Data excerpt

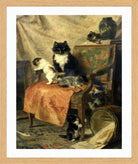 Kittens at Play — The Orange Chair by Henriette Ronner-Knip — oak frame
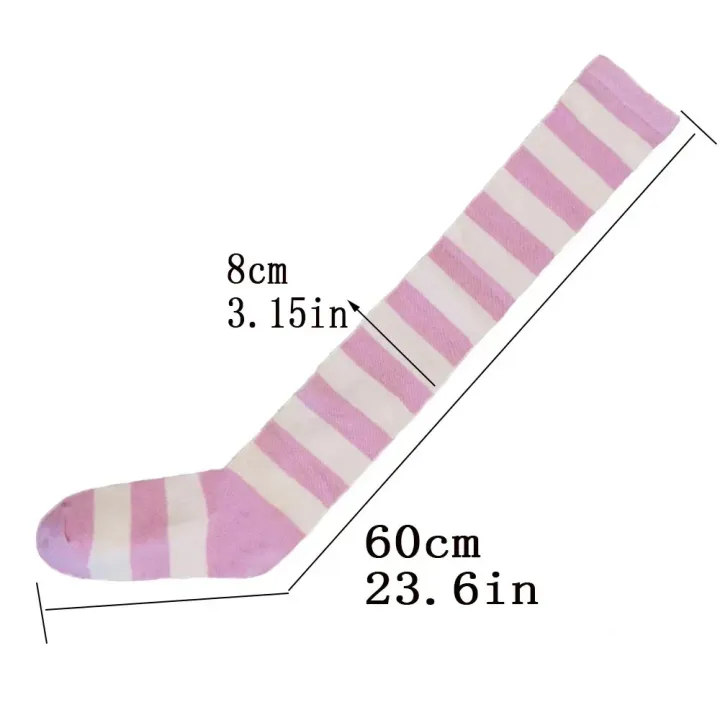 Trendy%20Women%20High%20Stockings%20Anime%20Stripe%20Socks%20Leg%20Warmth%20Over%20Knee%20Thigh%20Soft%20Dance%20Socks%20Ladies%20Preppy%20Cosplay%20Long%20Stocking%20-%20Image%202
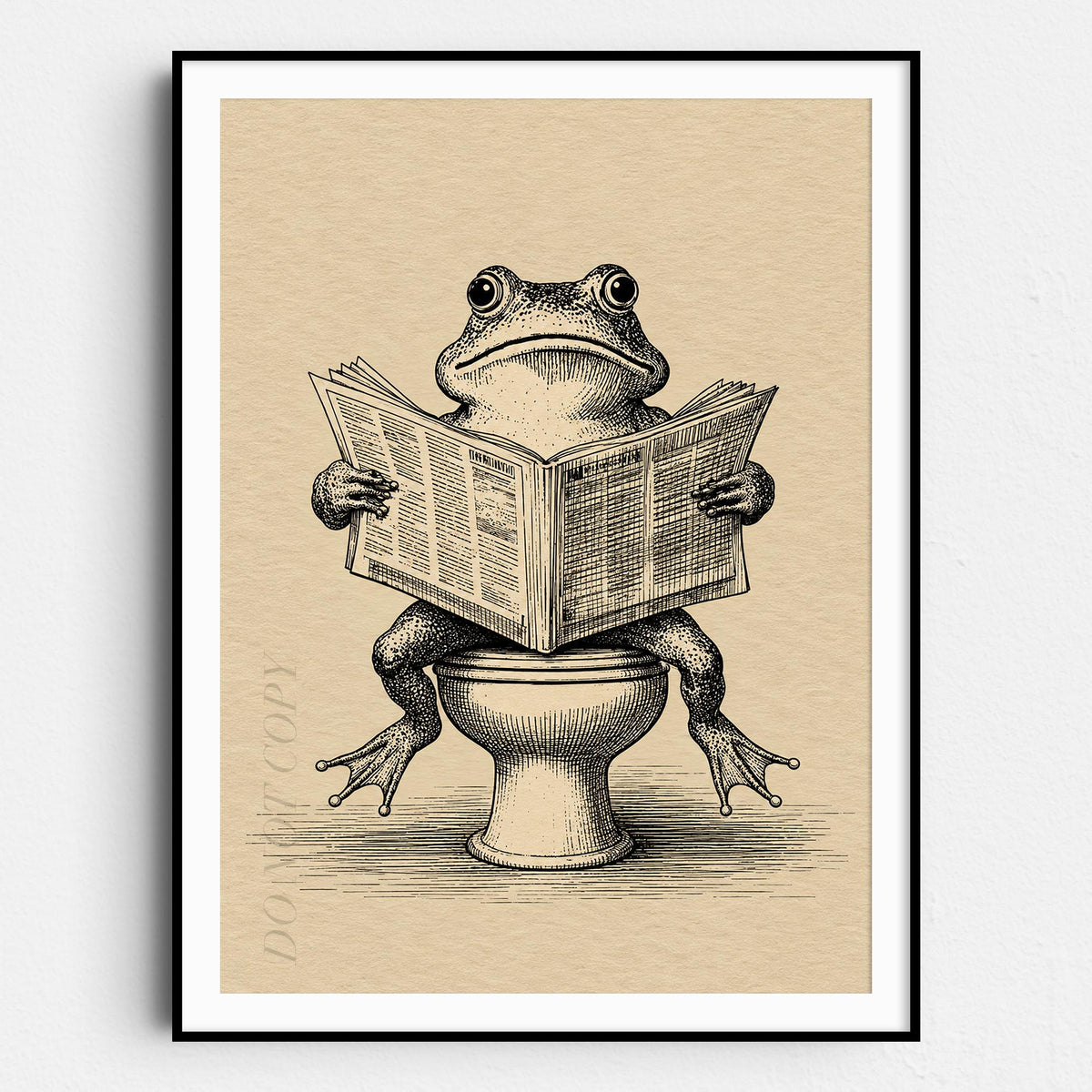 Frog On The Toilet Reading The Newspaper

Problem requirements
The answer is the whole listing retyped exactly, with pictures omitted.

Written solution
 Kittens at Play — The Orange Chair by Henriette Ronner-Knip — oak frame
 Trendy%20Women%20High%20Stockings%20Anime%20Stripe%20Socks%20Leg%20Warmth%20Over%20Knee%20Thigh%20Soft%20Dance%20Socks%20Ladies%20Preppy%20Cosplay%20Long%20Stocking%20-%20Image%202
 Frog On The Toilet Reading The Newspaper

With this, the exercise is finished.